Exercise directions:
The following data has a line with "Peugeot 308 1.6 e-hdi N.O.V" and a line with "Snapshot of oso_dirty_". Write out exactly those lines and all the lines between them.

Given records:
┌──

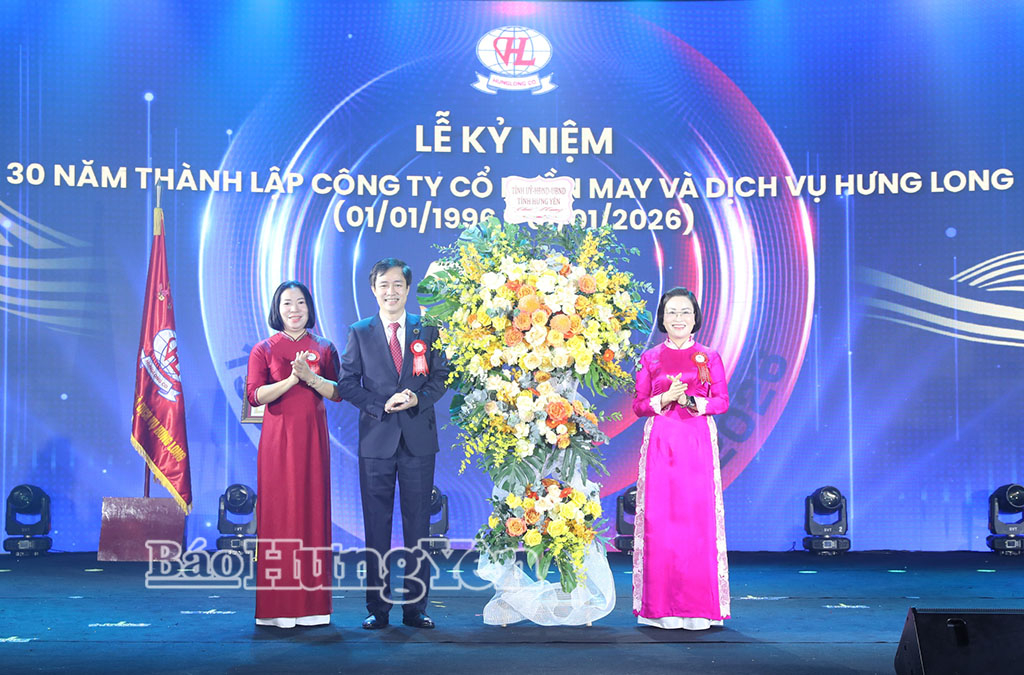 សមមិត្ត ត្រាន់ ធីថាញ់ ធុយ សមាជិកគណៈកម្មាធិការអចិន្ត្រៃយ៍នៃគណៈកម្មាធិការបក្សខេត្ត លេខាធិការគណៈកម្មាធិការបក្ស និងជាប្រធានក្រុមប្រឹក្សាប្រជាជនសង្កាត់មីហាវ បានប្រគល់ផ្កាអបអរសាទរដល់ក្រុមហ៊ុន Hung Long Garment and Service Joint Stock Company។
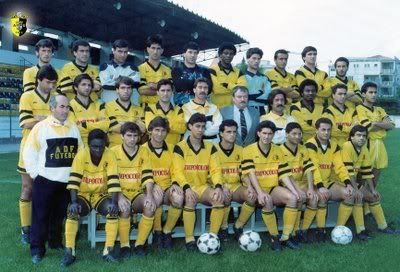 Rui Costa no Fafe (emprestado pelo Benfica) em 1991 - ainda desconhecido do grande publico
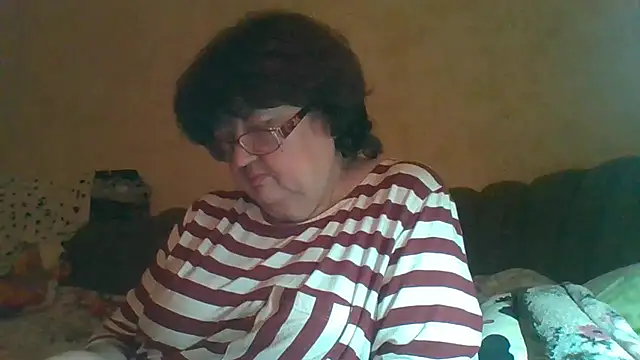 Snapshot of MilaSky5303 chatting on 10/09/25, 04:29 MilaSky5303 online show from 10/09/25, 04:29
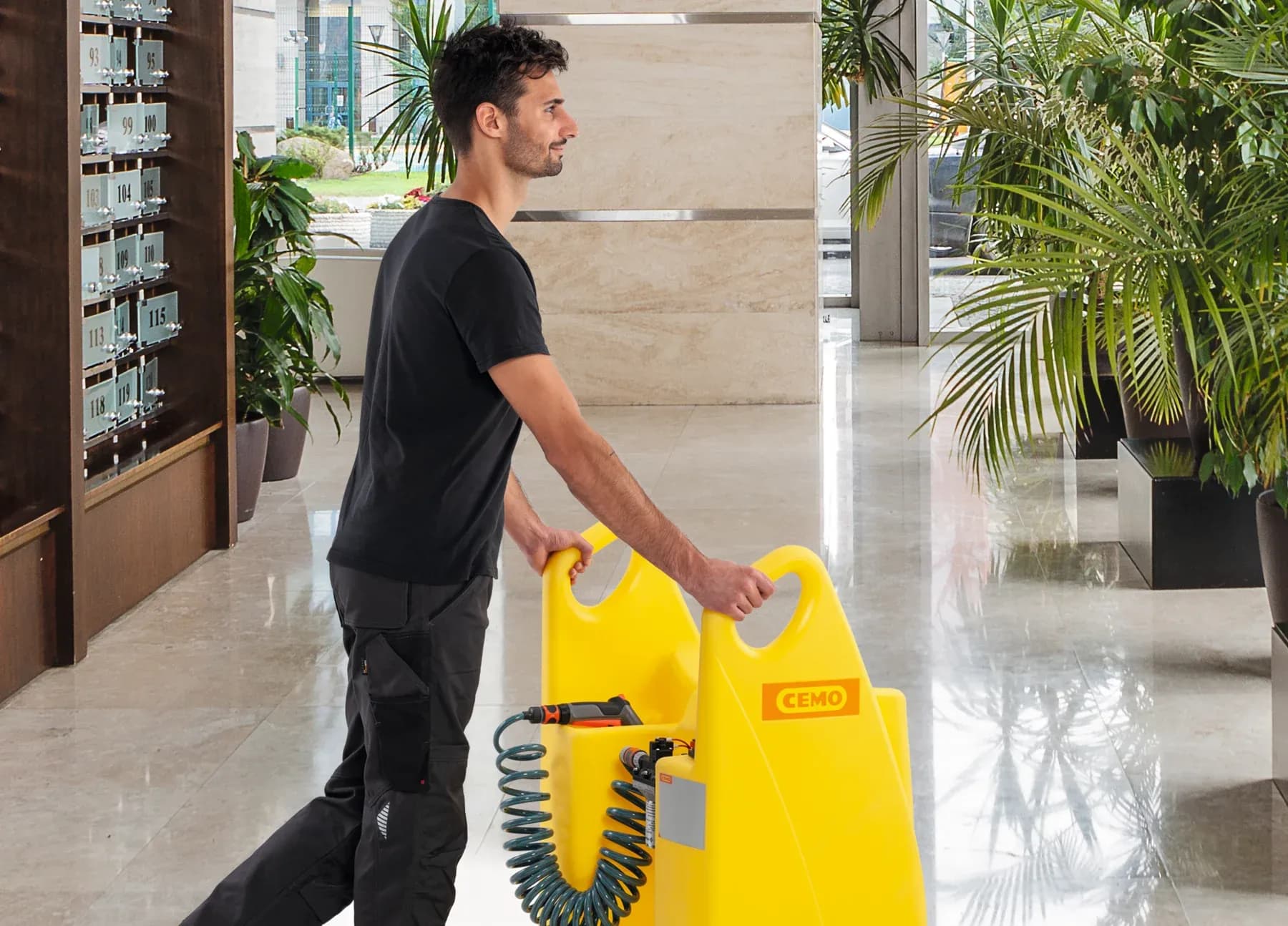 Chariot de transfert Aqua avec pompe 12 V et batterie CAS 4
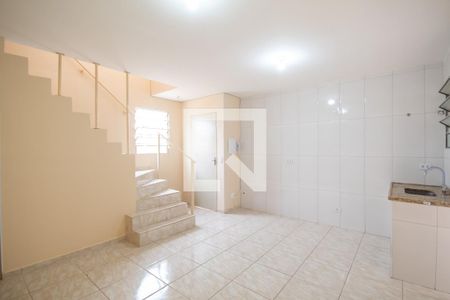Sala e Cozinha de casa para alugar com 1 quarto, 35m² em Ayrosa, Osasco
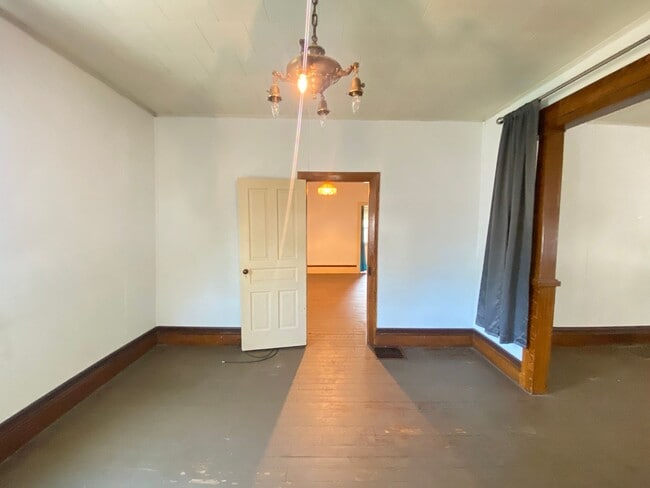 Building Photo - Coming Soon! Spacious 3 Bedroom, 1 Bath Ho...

└──
┌──

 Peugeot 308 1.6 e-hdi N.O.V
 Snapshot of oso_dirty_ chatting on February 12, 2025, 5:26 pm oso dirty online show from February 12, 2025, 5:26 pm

└──

Response to this exercise:
 Peugeot 308 1.6 e-hdi N.O.V
 Snapshot of oso_dirty_ chatting on February 12, 2025, 5:26 pm oso dirty online show from February 12, 2025, 5:26 pm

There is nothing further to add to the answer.